In addition, the governmental decision that directs 95% of the revenue of the “Green Fund” to the regular national budget instead of using this revenue to fund environmental improvements introduced a new high risk to the formalization project. According to the Greek case law this could be against the Greek Constitution and the whole project maybe locked at the Greek courts. Owners are aware of that risk; they understand that even if they declare the informality and even if they pay the formalization fees they may still be unable to formalize the property. It is obvious that even if everything goes well they will be scared to invest and improve these properties for the next 30 years. However, the responsible Minister of Environment, Energy and Climate Change has tried to comfort people by ensuring them that “the Council of the State (Highest Court) understands the priorities of the country”.
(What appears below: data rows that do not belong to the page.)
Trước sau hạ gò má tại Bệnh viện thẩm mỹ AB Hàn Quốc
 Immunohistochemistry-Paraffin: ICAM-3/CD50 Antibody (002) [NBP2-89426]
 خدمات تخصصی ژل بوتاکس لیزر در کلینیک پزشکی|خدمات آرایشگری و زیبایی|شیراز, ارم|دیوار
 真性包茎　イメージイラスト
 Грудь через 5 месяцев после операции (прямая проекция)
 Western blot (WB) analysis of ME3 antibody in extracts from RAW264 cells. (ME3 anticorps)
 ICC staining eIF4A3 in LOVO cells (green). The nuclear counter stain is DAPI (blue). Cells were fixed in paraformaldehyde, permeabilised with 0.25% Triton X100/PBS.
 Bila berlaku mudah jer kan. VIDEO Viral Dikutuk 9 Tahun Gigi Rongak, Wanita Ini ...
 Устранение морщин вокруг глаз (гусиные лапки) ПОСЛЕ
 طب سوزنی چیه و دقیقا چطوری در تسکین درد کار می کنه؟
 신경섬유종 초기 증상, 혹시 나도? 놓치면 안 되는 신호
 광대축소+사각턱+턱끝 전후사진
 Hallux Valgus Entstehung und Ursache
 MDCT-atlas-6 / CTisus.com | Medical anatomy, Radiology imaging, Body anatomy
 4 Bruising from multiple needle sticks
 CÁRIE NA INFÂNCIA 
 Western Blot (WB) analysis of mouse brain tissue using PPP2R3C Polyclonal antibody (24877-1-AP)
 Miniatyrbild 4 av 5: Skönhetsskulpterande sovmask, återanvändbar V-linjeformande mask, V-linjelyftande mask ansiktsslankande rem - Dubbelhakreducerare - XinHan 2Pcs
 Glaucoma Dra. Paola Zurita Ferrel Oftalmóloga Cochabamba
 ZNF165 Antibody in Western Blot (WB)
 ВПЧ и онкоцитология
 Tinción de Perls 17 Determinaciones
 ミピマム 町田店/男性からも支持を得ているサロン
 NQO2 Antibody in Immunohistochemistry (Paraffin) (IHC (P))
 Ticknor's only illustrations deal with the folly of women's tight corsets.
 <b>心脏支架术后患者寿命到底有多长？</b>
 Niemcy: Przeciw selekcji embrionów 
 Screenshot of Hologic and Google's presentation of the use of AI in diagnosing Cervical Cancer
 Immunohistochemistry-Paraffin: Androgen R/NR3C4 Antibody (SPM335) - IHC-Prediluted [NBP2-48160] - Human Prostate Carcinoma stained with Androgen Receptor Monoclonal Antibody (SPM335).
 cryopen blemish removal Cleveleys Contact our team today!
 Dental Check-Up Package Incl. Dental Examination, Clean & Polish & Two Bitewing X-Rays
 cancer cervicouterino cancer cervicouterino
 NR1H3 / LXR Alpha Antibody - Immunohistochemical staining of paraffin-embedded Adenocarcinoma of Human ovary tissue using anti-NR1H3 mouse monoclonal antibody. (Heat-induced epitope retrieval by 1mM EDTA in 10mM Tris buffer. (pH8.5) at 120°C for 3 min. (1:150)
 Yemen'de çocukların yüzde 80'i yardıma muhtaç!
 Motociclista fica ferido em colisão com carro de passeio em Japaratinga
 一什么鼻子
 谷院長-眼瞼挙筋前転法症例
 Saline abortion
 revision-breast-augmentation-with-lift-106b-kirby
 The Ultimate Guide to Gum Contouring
Interviews with local authorities in areas with informal development gave positive results; local authorities have long been struggling to upgrade the informal settlements and integrate them into the city plans; however, it is unclear how they will manage to find the necessary funds for the necessary future planning. Planning procedures need to be revised and property taxation revenue should be directed to local authorities to enable them to meet the needs.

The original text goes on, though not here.